▸ EXERCISE INSTRUCTIONS:
When a line in the listing contains the string "table", pick it out and copy it.

▸ RECORDS:
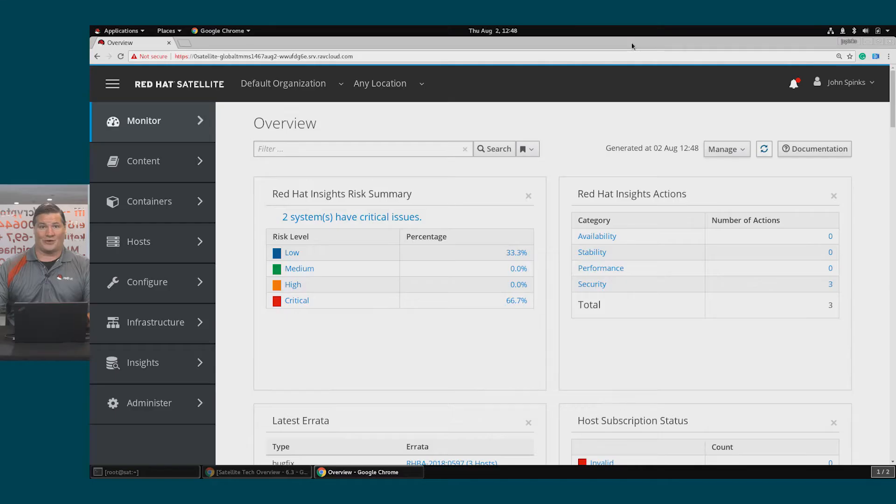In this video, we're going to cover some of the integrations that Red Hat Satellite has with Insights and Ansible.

--

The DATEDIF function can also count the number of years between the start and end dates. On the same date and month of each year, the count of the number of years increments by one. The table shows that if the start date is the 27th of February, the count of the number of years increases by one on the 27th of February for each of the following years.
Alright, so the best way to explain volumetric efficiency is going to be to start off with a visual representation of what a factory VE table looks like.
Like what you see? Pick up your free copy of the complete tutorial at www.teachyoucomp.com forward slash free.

==

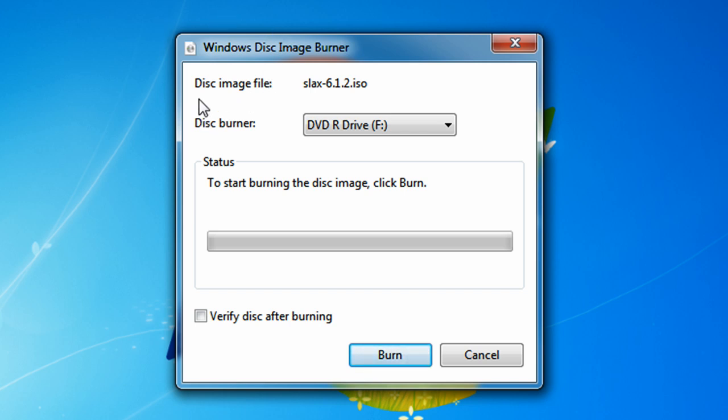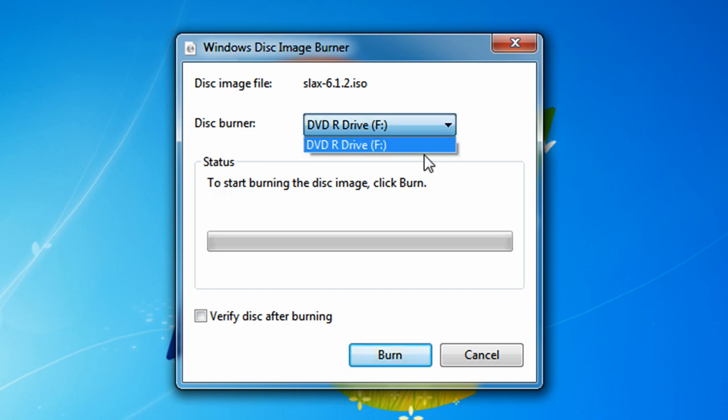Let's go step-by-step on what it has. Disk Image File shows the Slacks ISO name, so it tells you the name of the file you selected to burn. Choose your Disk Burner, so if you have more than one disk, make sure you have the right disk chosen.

▸ EXPECTED OUTPUT:
The DATEDIF function can also count the number of years between the start and end dates. On the same date and month of each year, the count of the number of years increments by one. The table shows that if the start date is the 27th of February, the count of the number of years increases by one on the 27th of February for each of the following years.
Alright, so the best way to explain volumetric efficiency is going to be to start off with a visual representation of what a factory VE table looks like.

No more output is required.